Дома мы прятали глаза от стыда перед Нюрой, которая выговаривала Васе: «Ничего ты не можешь. Все они, что ли, с французским? Мы одни эвакуированные-то, что ли, были? Тоже поди сколько вернулось — и все с языком? Или всех на второй год оставили? У кого отцы-то, как отцы, — тех небось на второй год не оставили. Те небось не с пустыми руками пошли». Вася совсем осел от стыда, стал крутить пальцами — один большой палец вокруг другого, — потом сказал: «Я, знаете, такими вещами не занимаюсь, я человек честный». А Нюра сказала: «Ну и сидишь зато со своей честностью без стекол».

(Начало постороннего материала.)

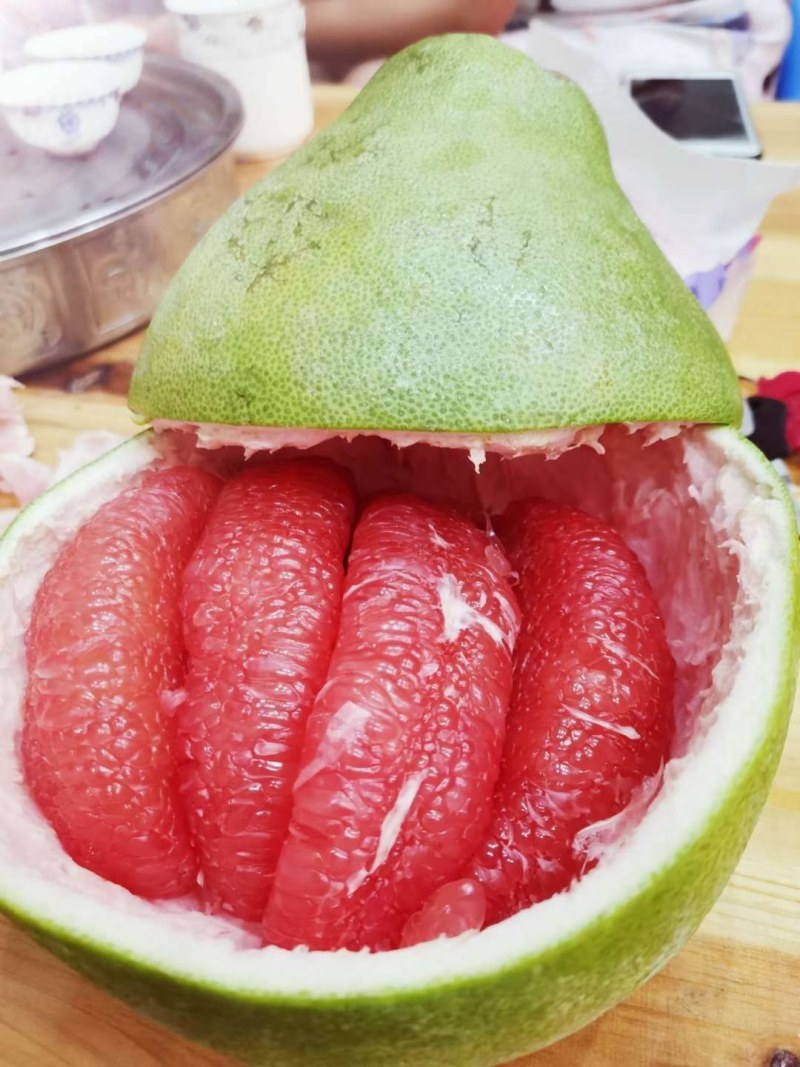 泰国红宝石青柚苗，泰国红柚苗，红宝石柚子苗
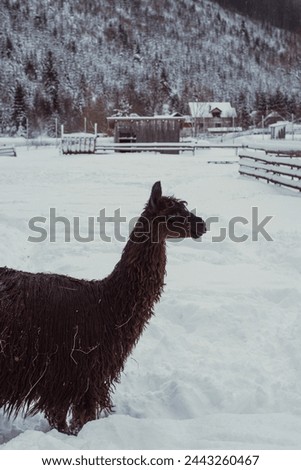 Lamas in a farm.Portrait of an cute smily alpaca, sheared lama head close up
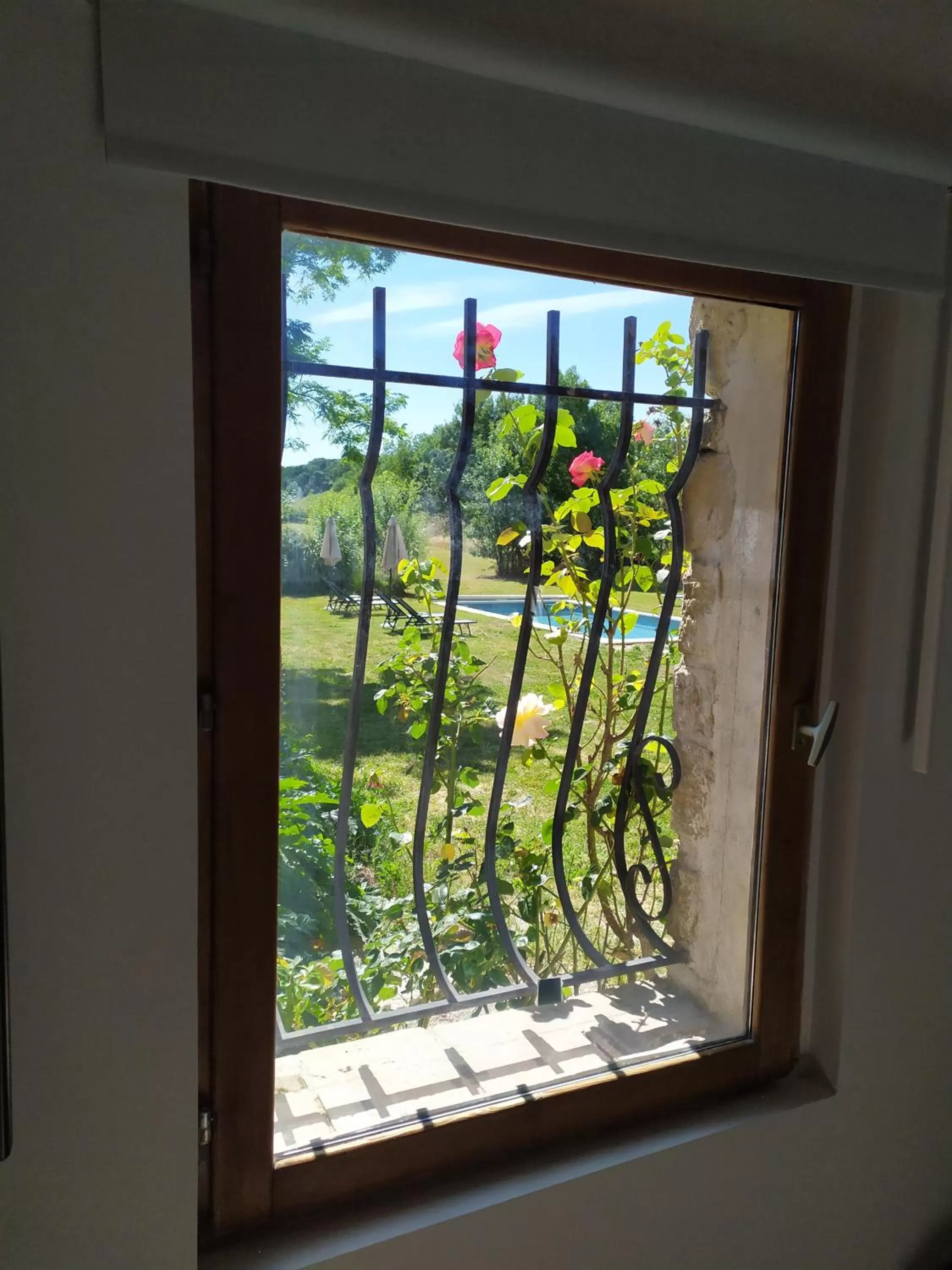 Garden view in Le Mas des Cerisiers JACUZZI et SAUNA inclus pour tous les logements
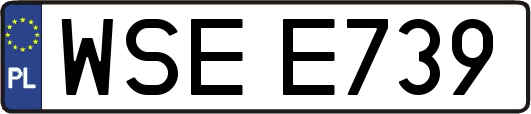 WSEE739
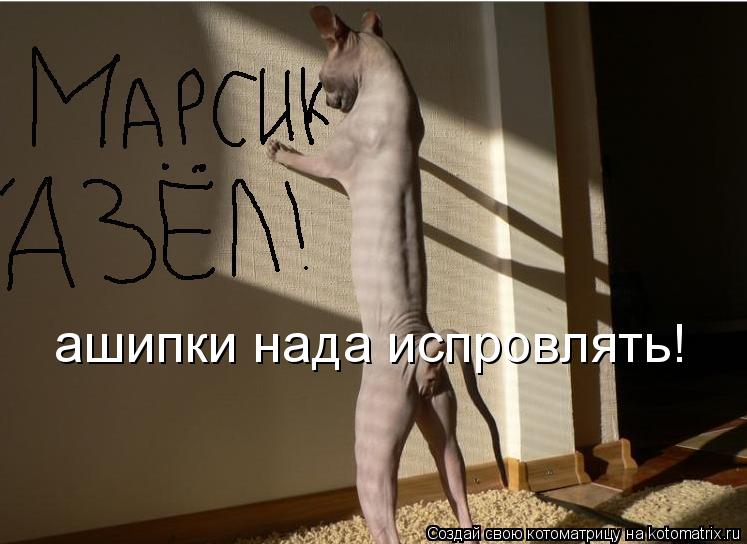 ашипки нада испрoвлять!... Котоматрица: ашипки нада испрoвлять!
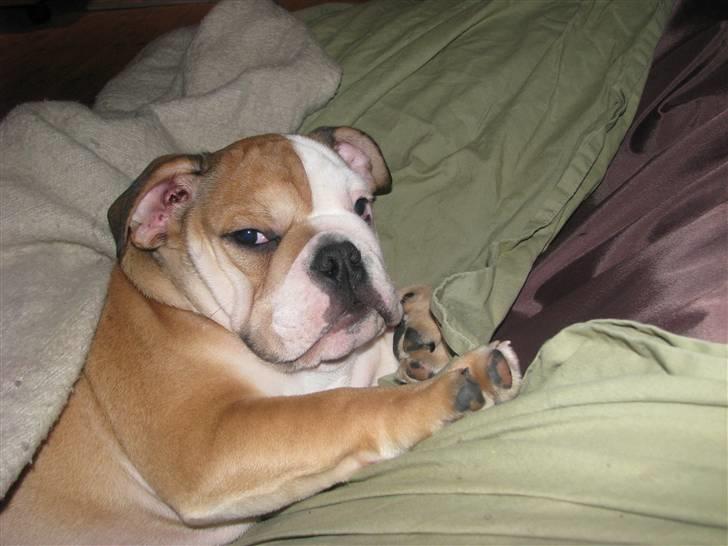 Engelsk bulldog Albert  - nej ikke nu mor - er lige vågnet  billede 5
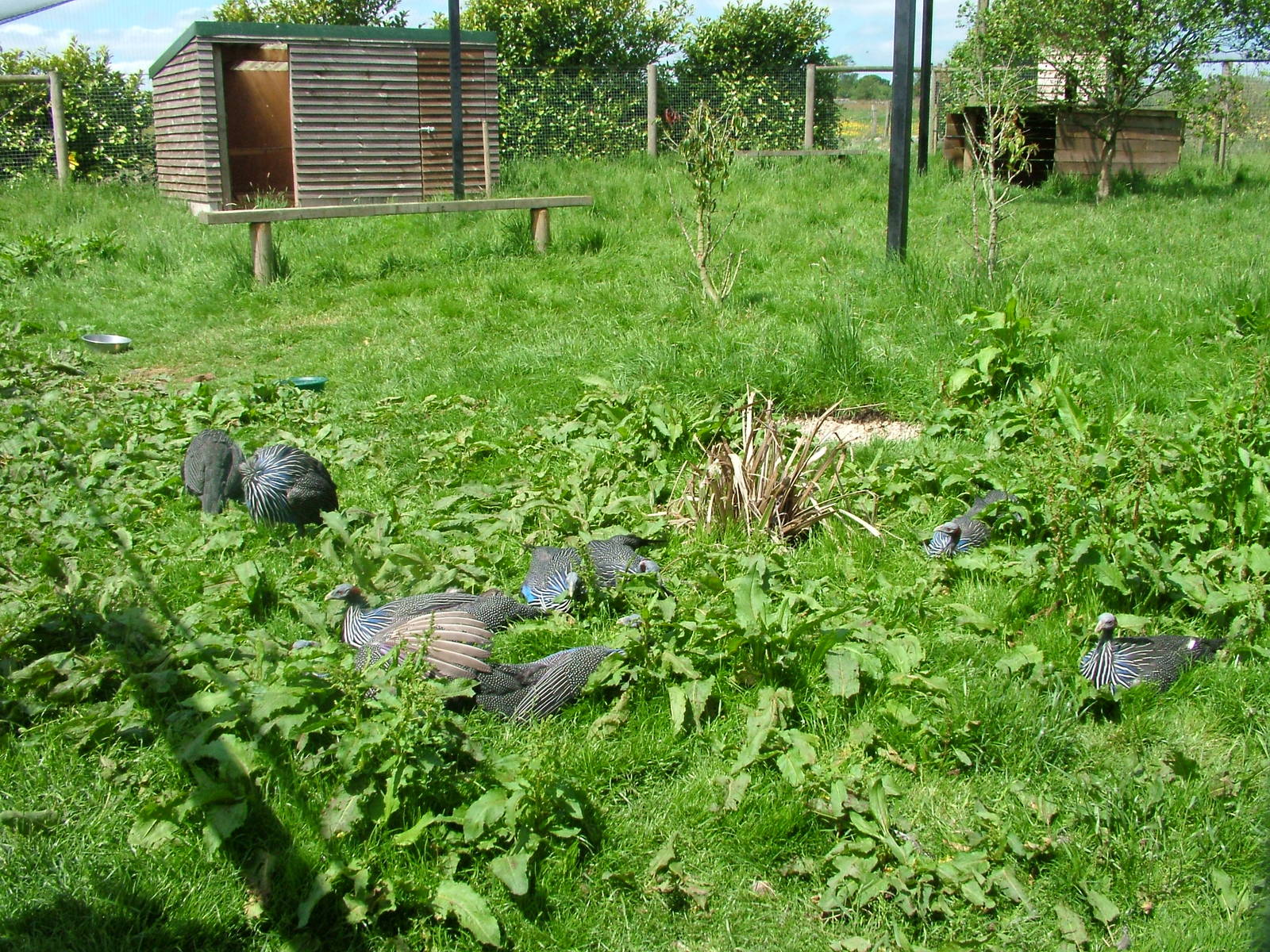Sunbathing Vulturine Guineafowl at Blackbrook, 12/06/10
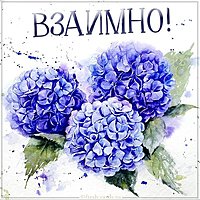 Виртуальная картинка взаимно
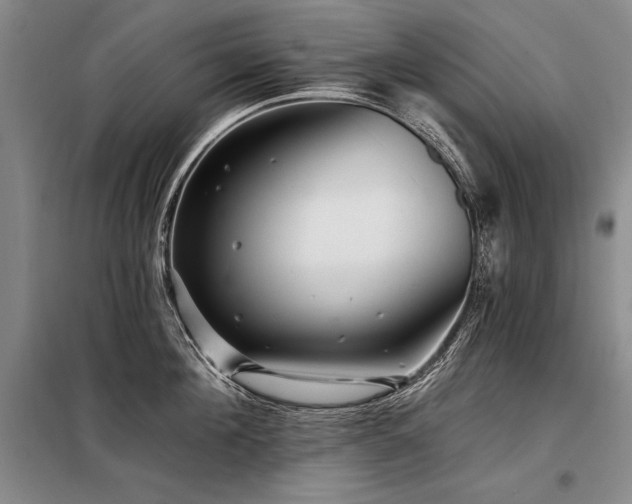 X0000098130908200804171518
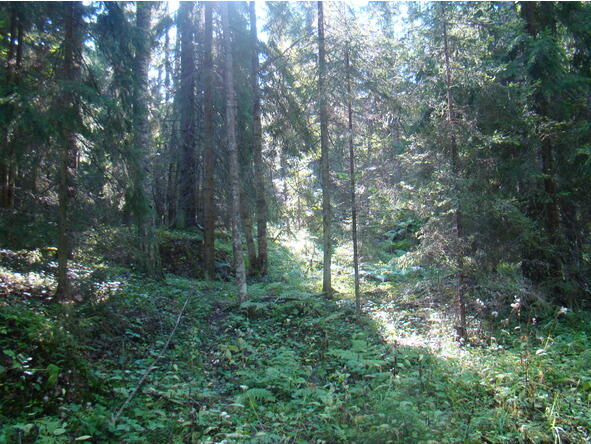 Страшен июньский лес И пусть до Ивана Купалы ещё далеко Пусть ландыш цветёт - фото 4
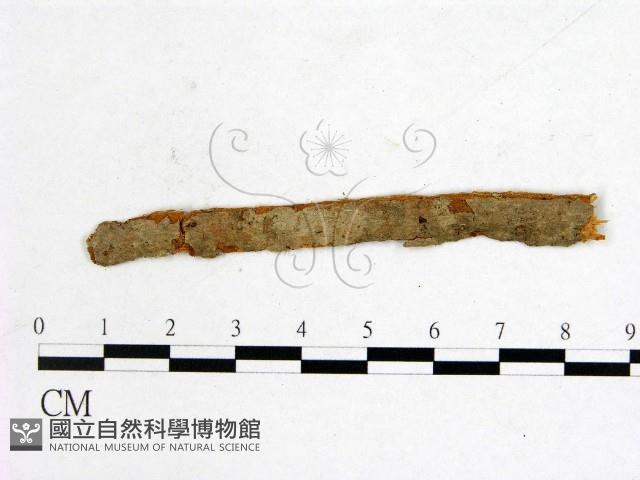 登錄號:F0011508藏品圖，第1張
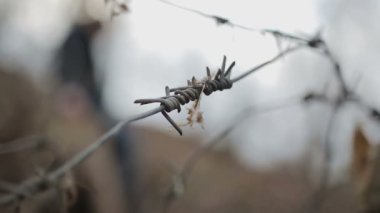 Keskin dikenli tel yakın çekim, siluet rahatsız kişinin kağıtları rüzgarda atma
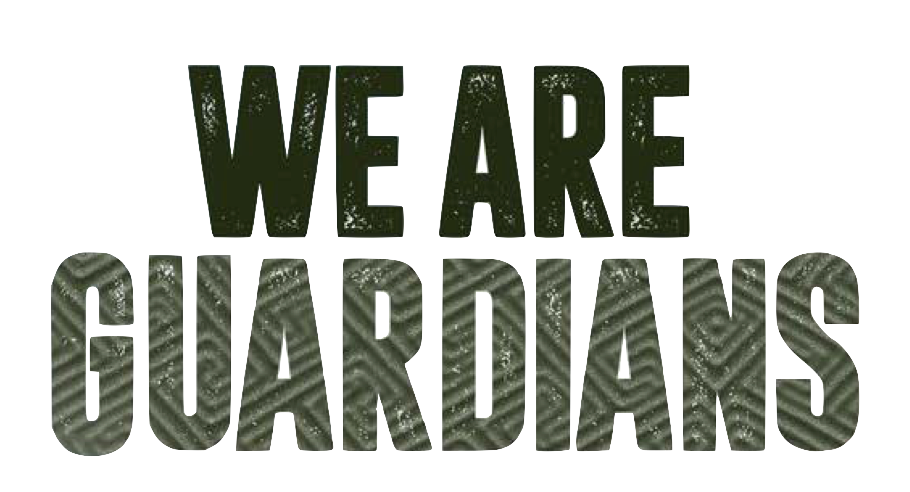 We Are Guardians Film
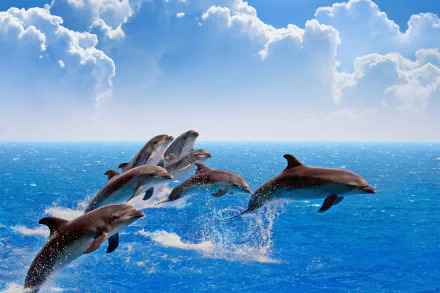 Animal dolphin HD Desktop Wallpaper | Background Image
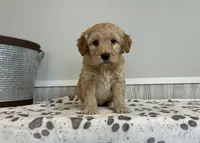 Crumb, a male Goldendoodle for sale in Donnellson, IA – Photo 3 of 3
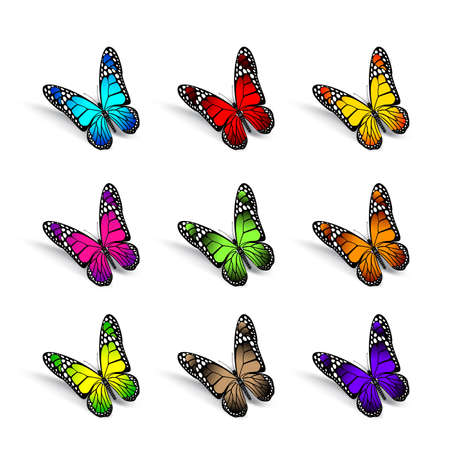 Set of Realistic Colorful Butterflies Isolated for Spring. Editable Vector Illustrationのイラスト素材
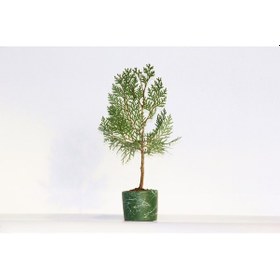 Resim Bonsai Thuja Orientalis Yeşil Saksıda 2 Adet 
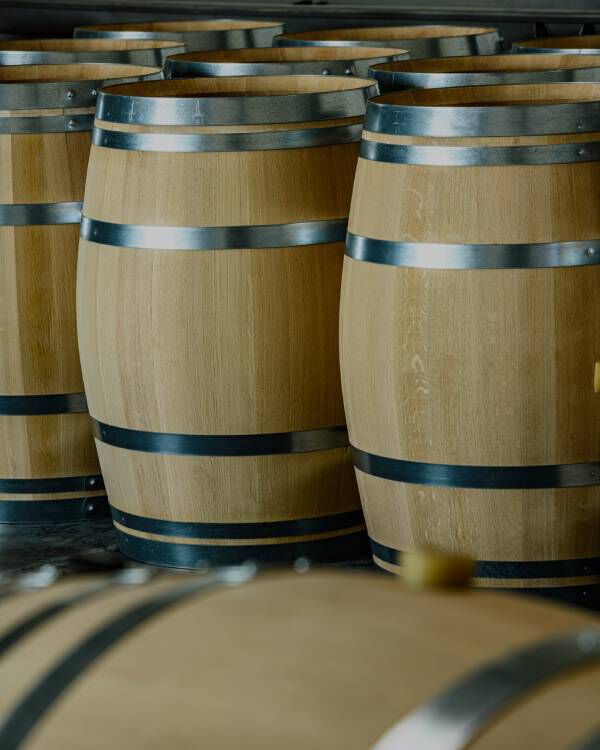 EVERMORE GRANT PROGRAM RECIPIENTS - FRANCE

Нюра устроилась на работу от артели инвалидов. Там, в Данилове, когда она шила солдатские шинели на ножной машинке, она заболела. В Ленинграде она ходила на какие-то комиссии, и определила ей комиссия инвалидность третьей группы. В военно-медицинской академии, что рядом на Фонтанке, Нюра стала работать гардеробщицей. Вечером она приходила серая от усталости, доставала мелочь, что получала «на чай», и начинала ее считать. «У меня теперь получается с чаевыми — немного меньше, чем у Василия Ивановича», — говорила она тете Ксене. Та кивала головой и повторяла: «Уж больно он хороший человек-то, Нюра, ты его не ругай. Ну, такой уж он уродился, что тут поделаешь». И было непонятно — хвалит она отца или печалится, что он такой хороший.